The girl on the photo from the left is Isabel, our designer. Photo was taken spontaneously during a short walk at the park, after which we got an idea to make a vector character and use it for our early marketing site. Vectorizing/tracing of the character was made manually in Adobe Illustrator CS5.

Nature, grass hills, beautiful landscape

Symbolize intuitiveness and beauty

Nothing is more intuitive and beautiful than the nature itself. We believe that people should use and feel web applications that way, the natural way, or as close as it could be. As more natural they feel, as more accepted and successful they would be, just like a real product from the nature: pure, unspoiled, simple.

Bright sky with pretty little clouds passing

Symbolize brightness, beautiful feelings

The bright sky reflects harmony, brightness and goodwill about the job we do, our excitement and passion, our commitment and feelings. We always have in mind that sky is the limit of what Invoicebus could be and we strive to that "limit".The clouds are all ups and downs that we face up during the development process; some of they are small, some of they are big, but after all it is still a shiny day, isn’t it?

City

Symbolize everyday living and working
Our mockup for the city and its final version.

Industries, jobs, busy lifestyle, our reality. Are the bus coming from the city or towards it? The answer is both. City represents economic center where everyone can succeed and realize his ideas with endless opportunities. It’s the magicial place where all your dreams can come true.

We don’t want to spoil the anticipation, so the other symbolism that hides behind this concept, will be left on your imagination ;).
This site will exist until the final marketing site take its place, which means until Invoicebus arrives.

Logo Design Recipe

Our logo represents a simple visualisation of the vision that our product delivers, so everytime we look at it, it shouts the character of our product, loud and clear: “Invoicebus is intuitive, fast and simple!”

Workflow:

  • 1. Sketch a few logo candidates onto paper;
  • 2. Choose colors and fonts for the letters;
  • 3. Write the tagline;
  • 4. Create vector version of the logo in Adobe Illustrator CS5;
  • 5. Ta-da!

1. Sketch a few logo candidates onto paper

We wanted simple elegant logo, easy memorable and recognizable, just enough to associate with speed, elegance, invoice and bus. We had in mind that should be scalable on different sizes too. Ready, Steady, Go! We picked a blank paper sheet, a few wooden color pencils, a rubber, and started drawing. After we had sketched 3-4 mockups onto paper (right photo), we organized symbolic voting, within our office, for each candidate. The first one showed up as a winner which after a couple of modifications evolved to the one below.

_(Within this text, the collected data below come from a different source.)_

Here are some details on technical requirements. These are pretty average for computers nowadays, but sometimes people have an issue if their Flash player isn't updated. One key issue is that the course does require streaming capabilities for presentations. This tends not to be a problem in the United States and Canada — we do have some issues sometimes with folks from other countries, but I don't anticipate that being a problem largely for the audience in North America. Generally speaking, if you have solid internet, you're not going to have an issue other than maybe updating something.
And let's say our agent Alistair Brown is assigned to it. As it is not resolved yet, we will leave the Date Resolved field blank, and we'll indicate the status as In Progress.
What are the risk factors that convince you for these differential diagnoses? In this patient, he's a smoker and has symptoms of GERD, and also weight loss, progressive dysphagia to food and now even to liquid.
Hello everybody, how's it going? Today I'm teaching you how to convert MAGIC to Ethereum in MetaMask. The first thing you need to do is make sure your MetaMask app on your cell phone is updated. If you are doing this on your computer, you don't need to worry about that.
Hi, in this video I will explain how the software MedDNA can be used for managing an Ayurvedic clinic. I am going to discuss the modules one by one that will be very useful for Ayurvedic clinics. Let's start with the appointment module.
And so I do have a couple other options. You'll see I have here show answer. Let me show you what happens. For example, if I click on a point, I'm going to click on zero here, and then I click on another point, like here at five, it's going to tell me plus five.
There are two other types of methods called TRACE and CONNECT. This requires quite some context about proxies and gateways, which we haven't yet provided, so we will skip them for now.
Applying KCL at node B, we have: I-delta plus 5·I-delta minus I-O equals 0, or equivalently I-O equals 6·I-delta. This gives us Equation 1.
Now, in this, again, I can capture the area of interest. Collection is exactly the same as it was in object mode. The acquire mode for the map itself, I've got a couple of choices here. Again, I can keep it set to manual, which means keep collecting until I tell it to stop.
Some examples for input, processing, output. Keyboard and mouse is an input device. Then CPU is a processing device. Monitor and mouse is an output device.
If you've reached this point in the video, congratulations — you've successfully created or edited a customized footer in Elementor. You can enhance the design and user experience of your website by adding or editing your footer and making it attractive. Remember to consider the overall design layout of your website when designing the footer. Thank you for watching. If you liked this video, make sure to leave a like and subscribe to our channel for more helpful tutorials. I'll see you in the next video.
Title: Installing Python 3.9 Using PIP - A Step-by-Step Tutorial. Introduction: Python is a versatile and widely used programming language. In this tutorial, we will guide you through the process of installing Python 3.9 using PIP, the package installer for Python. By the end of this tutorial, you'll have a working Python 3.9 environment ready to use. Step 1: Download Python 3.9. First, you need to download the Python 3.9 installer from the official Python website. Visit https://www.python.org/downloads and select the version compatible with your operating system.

It visual appearance incorporates our desired symbolism and could be translated this way: If you look at it as a whole looks like simple speedy bus, but when you look thoroughly, it said even more. The window of the bus and the two blue lines (that also bring some speedy effect), symbolize invoice sheet with company logo and product rows, respectively.

 

2. Choose colors and fonts for the letters

Which font to choose? http://dafont.com is a great place to start with. There are plenty of free fonts for download and each one of them can be previewed directly on their site with your custom text.
You can make direct comparison among more font variants and choose which one looks best for your logo. “Cony” seemed fair enough for us. Crisp, elegant and fresh. You can switch on your creativity and transform the letters by your choice in Adobe Illustrator later. We had in mind that our logo should be readable on both, dark and light backgrounds, so we carefully chose the color shades of blue(#00ADEE) and green(#B9E600).

3. Write the tagline

The idea behind the tagline is to create a memorable phrase that will summarize the tone and premise of your brand/product, or to reinforce the audience’s memory of a product.
We unified our ideology in one sentence: “Invoicebus – Delivers invoicing for humans”.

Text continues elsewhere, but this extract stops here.